Singapore and Hong Kong partnered up to build a blockchain-powered trade network and 20 banks are expected to join the partnership.
The two competitors Singapore and Hong Kong have teamed up after a long time and this global trade connectivity network (GTCN) could give rise to new global standards for the trillion-dollar industry, said two top central bankers from Singapore and Hong Kong at the Singapore Finetech Festival on Thursday.
The bankers revealed that 20 global banks and financial institutions will participate in the blockchain-backed network.
The GTCN is expected to launch in 2019, as stated by the Monetary Authority of Singapore (MAS). The network will act as a platform for impeccable transfer of data and digital documents with its focus on covering global trade flow emerging from the two major trade hubs in Singapore and Hong Kong.
Singapore officially took over the Asean chairmanship in 2018 and will target Asean expectedly, whereas, Hong Kong will take on China.
“Hong Kong has a hinterland called China. Singapore has a hinterland called Asean,” said Bernard Wee, head of MAS’s financial markets development department and payments and technology solutions.
Both of the central banks (from Singapore and Hong Kong) were a part of a three-hour meeting with bankers held in Singapore on Thursday.
Bankers are a bit concerned for privacy regarding their personal data and transaction details, said Li Shu-Pui, executive director of the Hong Kong Monetary Authority. They feel that their secrecy is at a great risk.
Blockchain technology acts as a distributive ledger among multiple regulators, which stores and digitizes trade-finance documents as well as brings substantial savings for the corporate.
Mr. Li believes that as the GTCN progresses, European financial institutions will be drawn towards it too.
Tan Kah Chye, founder of Tin Hill Capital and former vice-chairman of Barclays corporate banking says that the current documentation supporting system due to its paper-based nature takes a long time to trade documents from Singapore to Jakarta.
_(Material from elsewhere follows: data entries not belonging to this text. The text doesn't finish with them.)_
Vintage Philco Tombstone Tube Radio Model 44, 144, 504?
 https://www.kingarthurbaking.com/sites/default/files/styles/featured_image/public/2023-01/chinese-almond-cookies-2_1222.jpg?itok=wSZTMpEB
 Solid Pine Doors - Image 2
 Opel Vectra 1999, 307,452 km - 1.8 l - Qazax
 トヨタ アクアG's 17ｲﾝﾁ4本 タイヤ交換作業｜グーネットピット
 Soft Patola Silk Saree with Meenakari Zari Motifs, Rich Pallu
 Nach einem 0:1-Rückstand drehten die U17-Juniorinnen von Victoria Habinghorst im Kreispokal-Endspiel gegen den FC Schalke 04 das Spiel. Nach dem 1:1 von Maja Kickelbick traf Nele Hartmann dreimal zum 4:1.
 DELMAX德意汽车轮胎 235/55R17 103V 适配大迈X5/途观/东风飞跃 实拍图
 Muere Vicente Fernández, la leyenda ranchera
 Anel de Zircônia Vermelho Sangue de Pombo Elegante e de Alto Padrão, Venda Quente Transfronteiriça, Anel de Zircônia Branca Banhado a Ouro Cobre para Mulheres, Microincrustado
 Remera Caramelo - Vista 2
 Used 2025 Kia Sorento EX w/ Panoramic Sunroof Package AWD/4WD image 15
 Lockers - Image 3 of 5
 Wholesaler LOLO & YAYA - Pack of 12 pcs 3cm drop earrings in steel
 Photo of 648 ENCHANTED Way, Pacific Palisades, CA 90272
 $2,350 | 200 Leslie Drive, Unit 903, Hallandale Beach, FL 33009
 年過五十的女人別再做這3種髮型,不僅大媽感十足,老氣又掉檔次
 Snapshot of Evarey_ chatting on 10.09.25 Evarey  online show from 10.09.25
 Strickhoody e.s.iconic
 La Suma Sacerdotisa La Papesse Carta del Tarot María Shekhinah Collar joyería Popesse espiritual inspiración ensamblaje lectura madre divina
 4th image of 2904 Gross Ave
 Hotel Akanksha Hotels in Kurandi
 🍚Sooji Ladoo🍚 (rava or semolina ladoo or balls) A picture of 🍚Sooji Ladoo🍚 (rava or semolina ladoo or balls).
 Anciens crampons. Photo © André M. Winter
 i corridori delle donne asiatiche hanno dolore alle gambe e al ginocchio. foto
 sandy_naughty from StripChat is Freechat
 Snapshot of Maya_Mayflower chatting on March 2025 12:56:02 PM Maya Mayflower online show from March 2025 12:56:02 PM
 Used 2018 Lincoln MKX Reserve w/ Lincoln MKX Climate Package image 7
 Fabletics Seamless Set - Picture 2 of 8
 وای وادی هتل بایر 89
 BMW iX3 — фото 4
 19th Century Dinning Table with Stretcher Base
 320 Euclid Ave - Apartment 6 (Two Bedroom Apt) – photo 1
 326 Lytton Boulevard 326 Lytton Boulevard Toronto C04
“Coming from the private sector, most of us want the government to be hands-off. But creating standards is something that we want the government to be hands-on,” said Mr. Tan, who was speaking on the panel at the Finetech Festival.
Mr. Li also highlighted the fact that Hong Kong and Singapore being traditional competitors are sitting ‘together’ on a panel. It seems like Finetech is dissolving the barriers between the two economies.
MAS’s Mr. Wee summed up the situation in a single sentence, “The message is that when you work with one of us, you work with both of us.”